Ungefähr jedes zehnte Kind hat einen Blutschwamm - darunter ungefähr dreimal so viele Mädchen wie Jungen. Betroffen sind vor allem Frühgeborene. 60 Prozent der Blutschwämme finden sich an Hals und Kopf. Aber auch an Armen und Beinen, am Rücken oder anderen Körperstellen können sie wachsen. Vier von fünf dieser Hämangiome sind ungefährlich. Und zwischen dem dritten und sechsten Lebensjahr bilden sich die Gewächse normalerweise vollständig zurück.

Ursache unbekannt

Die Eigenschaft, solche Aderknäuel zu entwickeln, ist angeboren.
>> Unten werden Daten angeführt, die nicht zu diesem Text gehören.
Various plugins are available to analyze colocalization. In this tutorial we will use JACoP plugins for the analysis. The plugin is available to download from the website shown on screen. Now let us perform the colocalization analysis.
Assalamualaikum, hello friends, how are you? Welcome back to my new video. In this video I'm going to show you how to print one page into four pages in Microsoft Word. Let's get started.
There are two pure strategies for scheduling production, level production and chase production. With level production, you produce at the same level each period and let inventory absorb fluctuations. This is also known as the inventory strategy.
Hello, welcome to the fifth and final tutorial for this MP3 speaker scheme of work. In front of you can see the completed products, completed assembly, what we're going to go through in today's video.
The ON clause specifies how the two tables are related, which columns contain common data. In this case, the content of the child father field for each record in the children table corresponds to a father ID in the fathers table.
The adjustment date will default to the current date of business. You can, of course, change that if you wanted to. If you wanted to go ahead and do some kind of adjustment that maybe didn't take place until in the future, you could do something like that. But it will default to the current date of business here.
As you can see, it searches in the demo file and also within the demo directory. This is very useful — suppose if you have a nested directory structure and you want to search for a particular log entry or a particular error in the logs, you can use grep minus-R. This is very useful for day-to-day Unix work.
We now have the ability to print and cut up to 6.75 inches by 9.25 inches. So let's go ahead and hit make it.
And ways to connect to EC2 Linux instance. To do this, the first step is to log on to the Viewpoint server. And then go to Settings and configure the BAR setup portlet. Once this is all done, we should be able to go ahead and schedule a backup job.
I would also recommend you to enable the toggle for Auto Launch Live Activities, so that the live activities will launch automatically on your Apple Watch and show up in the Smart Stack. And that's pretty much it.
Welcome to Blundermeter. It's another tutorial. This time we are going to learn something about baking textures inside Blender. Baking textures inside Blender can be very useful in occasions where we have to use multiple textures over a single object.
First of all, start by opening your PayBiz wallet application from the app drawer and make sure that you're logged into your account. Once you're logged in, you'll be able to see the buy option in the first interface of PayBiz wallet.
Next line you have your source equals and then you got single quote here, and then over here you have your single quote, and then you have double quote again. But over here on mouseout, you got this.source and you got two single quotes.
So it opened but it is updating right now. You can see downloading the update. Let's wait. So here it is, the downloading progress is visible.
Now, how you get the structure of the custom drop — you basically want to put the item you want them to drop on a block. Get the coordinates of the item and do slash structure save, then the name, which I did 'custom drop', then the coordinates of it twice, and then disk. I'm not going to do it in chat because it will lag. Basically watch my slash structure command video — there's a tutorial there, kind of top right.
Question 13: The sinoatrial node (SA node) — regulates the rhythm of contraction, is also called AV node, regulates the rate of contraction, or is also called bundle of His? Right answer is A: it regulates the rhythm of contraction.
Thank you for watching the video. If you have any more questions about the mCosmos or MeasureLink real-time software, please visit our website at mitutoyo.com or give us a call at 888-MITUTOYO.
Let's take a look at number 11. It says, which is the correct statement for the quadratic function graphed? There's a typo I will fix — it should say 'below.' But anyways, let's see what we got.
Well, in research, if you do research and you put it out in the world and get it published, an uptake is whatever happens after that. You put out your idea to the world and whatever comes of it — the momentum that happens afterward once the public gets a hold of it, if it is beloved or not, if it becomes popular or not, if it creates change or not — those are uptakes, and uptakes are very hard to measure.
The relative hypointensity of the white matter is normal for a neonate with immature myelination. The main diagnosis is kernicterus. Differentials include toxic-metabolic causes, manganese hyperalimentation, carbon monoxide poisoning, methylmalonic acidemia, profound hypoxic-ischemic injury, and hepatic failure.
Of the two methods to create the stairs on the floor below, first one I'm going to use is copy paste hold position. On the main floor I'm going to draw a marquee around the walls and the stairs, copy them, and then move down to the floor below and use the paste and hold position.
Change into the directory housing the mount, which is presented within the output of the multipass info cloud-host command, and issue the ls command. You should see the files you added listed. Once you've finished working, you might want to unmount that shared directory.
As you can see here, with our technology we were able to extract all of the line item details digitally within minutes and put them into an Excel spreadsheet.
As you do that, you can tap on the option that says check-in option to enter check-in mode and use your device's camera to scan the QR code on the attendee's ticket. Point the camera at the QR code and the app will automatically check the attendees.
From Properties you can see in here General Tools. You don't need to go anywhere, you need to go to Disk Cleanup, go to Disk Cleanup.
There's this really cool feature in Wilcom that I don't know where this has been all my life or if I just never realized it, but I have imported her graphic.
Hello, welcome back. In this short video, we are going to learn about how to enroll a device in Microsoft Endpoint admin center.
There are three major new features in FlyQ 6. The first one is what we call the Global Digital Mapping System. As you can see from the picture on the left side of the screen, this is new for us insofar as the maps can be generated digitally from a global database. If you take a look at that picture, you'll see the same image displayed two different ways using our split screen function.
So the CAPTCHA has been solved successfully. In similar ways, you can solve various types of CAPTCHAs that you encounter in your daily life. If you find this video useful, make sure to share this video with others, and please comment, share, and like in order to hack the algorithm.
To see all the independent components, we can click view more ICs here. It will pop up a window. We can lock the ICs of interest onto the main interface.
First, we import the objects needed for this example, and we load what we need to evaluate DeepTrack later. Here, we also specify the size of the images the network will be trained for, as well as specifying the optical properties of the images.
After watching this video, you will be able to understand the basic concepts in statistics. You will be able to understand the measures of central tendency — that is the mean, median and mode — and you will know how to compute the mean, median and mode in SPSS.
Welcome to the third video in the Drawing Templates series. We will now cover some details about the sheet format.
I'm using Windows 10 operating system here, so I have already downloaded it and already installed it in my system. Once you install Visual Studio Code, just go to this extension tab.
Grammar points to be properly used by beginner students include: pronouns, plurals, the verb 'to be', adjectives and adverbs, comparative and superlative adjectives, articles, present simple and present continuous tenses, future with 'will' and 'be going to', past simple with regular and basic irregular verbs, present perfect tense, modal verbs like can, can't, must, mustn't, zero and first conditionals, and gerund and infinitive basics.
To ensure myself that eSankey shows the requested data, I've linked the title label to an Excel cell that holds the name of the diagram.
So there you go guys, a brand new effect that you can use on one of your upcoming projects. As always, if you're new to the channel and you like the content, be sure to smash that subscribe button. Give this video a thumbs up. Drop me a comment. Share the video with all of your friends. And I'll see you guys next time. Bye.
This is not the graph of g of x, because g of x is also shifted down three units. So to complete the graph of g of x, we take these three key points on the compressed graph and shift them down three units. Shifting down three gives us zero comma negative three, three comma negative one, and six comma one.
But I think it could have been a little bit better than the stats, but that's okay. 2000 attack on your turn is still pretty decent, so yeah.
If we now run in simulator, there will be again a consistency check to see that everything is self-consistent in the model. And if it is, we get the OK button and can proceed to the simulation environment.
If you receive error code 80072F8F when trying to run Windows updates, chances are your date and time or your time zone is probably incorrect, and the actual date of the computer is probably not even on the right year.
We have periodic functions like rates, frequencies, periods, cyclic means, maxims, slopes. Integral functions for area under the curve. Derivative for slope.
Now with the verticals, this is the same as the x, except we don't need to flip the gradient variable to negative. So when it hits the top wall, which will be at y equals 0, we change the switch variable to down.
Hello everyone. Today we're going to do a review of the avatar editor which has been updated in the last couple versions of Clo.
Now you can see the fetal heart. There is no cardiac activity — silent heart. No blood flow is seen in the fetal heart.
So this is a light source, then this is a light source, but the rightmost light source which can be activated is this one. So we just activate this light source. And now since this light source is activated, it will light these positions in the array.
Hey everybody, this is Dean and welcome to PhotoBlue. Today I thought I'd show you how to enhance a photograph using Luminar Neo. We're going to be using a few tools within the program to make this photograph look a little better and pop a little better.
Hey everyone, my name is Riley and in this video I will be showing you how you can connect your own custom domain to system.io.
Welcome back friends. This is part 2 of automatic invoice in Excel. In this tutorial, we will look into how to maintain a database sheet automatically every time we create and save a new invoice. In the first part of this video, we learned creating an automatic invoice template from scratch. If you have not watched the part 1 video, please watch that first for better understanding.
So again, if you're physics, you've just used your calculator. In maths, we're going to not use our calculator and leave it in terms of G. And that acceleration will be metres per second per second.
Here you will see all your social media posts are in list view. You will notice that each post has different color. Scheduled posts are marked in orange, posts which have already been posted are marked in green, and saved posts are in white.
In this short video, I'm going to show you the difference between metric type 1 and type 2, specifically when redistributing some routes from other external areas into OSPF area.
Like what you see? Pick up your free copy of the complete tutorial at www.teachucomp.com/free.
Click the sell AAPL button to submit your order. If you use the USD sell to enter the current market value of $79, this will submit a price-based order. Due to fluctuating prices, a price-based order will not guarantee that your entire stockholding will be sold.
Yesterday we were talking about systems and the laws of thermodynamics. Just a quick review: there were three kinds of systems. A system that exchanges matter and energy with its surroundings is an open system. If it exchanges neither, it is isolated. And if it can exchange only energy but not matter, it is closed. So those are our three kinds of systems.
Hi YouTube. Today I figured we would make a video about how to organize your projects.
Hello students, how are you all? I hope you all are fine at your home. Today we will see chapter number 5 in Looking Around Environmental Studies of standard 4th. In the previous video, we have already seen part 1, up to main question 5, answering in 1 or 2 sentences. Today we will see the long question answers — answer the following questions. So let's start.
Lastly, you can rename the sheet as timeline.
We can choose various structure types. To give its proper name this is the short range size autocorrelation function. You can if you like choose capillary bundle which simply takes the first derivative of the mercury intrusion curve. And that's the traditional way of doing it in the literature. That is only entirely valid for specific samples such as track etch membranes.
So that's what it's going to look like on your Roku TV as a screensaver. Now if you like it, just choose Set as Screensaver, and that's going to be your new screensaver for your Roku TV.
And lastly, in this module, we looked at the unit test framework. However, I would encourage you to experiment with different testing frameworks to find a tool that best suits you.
Aus bis jetzt ungeklärten Gründen hört der Körper der Betroffenen nicht auf, weiter Aderstrukturen zu bilden - als ob er nicht bemerkt hätte, dass er mittlerweile aus dem Stadium eines Embryos heraus ist. Denn der Blutschwamm ist - genau genommen - ein embryonaler Tumor: Die Zellen, aus denen die Adern entstehen, werden auch nach der Geburt weiter von körpereigenen Wachstumsförderen stimuliert. So wachsen immer mehr Aderstrukturen in der Haut heran, die der Körper in diesem Stadium gar nicht mehr braucht - ein Blutschwamm entsteht. Diese nimmermüden Zellen stammen möglicherweise aus dem Mutterkuchen. Denn dort entwickeln sich zu Beginn der Schwangerschaft innerhalb kürzester Zeit neue Arterien und Venen, mit deren Hilfe die Mutter ihr ungeborenes Kind versorgt.